There are always concepts or tactics based on long-term effects.
So is this what you see as the player aim in the game? Long term tactical and strategic success? If so, how can they ever succeed based on their own merits without balance?
4e has the condition track for long term matters - you could do an excellent geas on the condition track.
True as far as it goes, but this is still one of many areas I wish the designers had expanded upon and made use of the (immense) potential they had sitting there before ditching the edition. What is there is very neat, but rather sparse.
Sure, but a duration of "encounter" might mean my spell lasted 2 minutes, or two hours depending on the length of the combat. Tracking units of time is hard. For instance, thisd post took me about 45 seconds to type, or was that one encounter?
The real world doesn't have encounters. Nor does it have hit points, levels, character classes, experience points or markets for "magic items" that defy all economic sense and logic. But D&D does, because it isn't real life and cannot possibly run by the same rules as the real world.

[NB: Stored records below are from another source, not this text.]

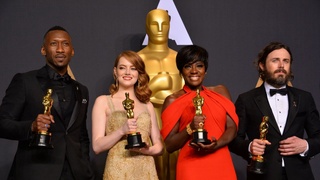 «Оскар» ввел новые правила для «лучших фильмов»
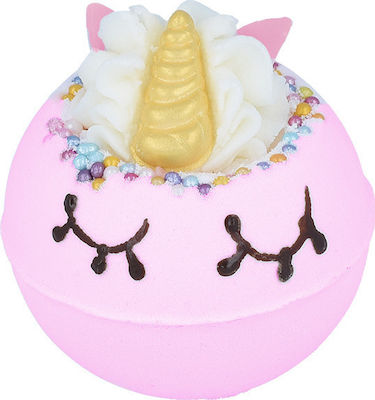 Bomb Cosmetics The Last Unicorn Boule Bombe de baie 160gr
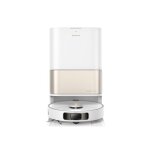 L10s pro ultra heat - aspirateur robot dreame, blanc - neuf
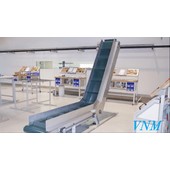 Băng Tải Cấp liệu
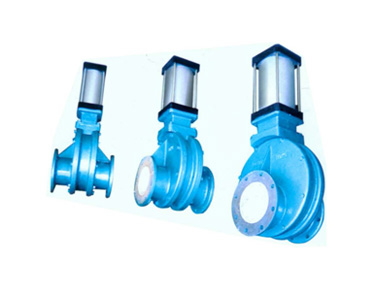 负压吸送式气力输送原理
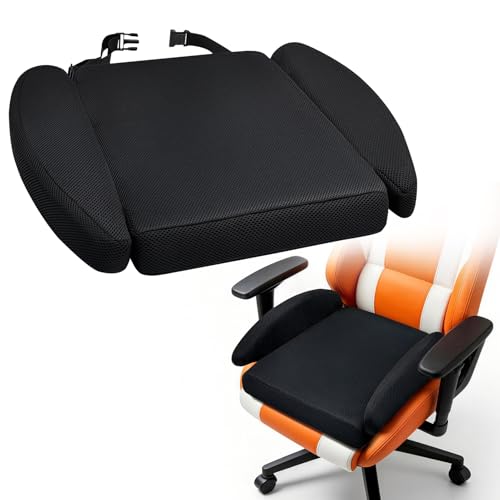 Extra Large Gaming Chair Cushion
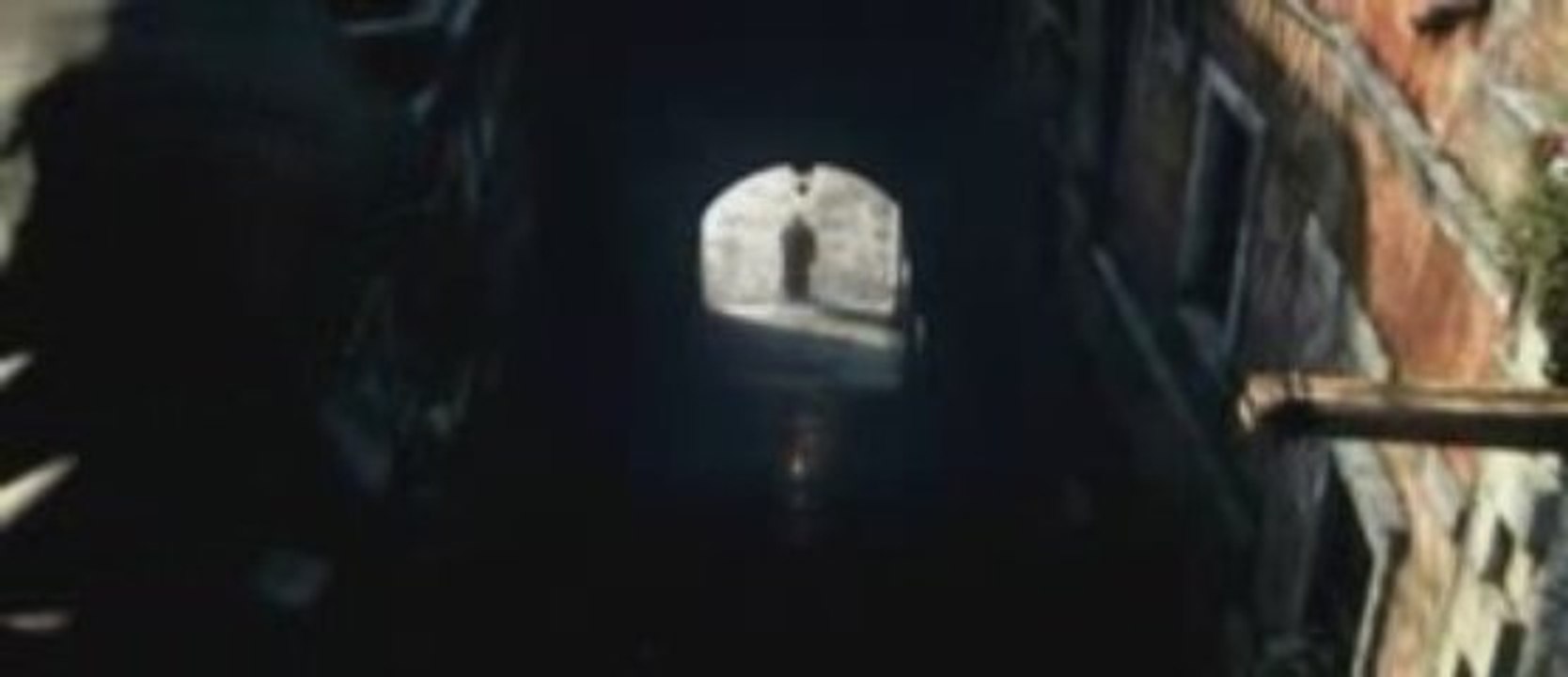 E3 2009 -  Assassins Creed 2  - Jeux Vidéo -PS3 - XBOX 360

Time in the real world is postulated to be a measure of the number of "events" (on a subatomic level) occurring. What does that make time in a roleplaying game? A measure of the number of decisions made by the players (including the GM)? Or a measure of the challenges faced and overcome by the characters, maybe? If the latter,
voila - the "encounter".
And the main point of D&D compared to Chainmail is that it always had ambitions to be more than just a combat game.
If that is so, why didn't it come up with anything at all in that arena? Especially when other games did so - starting, I think, with MegaTraveller in the mid-80's.
Unfortunately, those were ambitions that the game started backpedaling away from in 3.5 and made worse in 4e in the name of combat balance. A poor trade.
How you can "backpedal" from no system at all I'm hard pressed to imagine, but that combat balance needs to be "traded" for better non-combat systems seems like a non-sequitur, to me.
Clearly, I'm not going to convince you on that any more than you're going to convince me that skill challenges as presented in D&D are the best non-combat support any version of D&D has had (particularly since SWSE's treatment of skill challenges is much better than 4e D&D's ever reached and even 3e's treatment of complex skill checks did a better job of describing how the math works). And at this point I don't really care about that. I want better story and fiction oriented durations for magic rather than metagame concepts like encounters or short rests.
SWSE is not D&D - plenty of non-D&D games have had better non-combat conflict/challenge resolution systems than D&D, but that wasn't the claim, as I read it. The claim was that no other edition
of D&D has had as good a non-combat conflict/challenge resolution system. Since no other edition of D&D has had such a system at all ("roll skill vs a DC" is not such a system - it's just part of such a system, with challenge/scene framing and XP assignment elements needed, at a minimum, in addition), I can't see how that is even a contentious statement.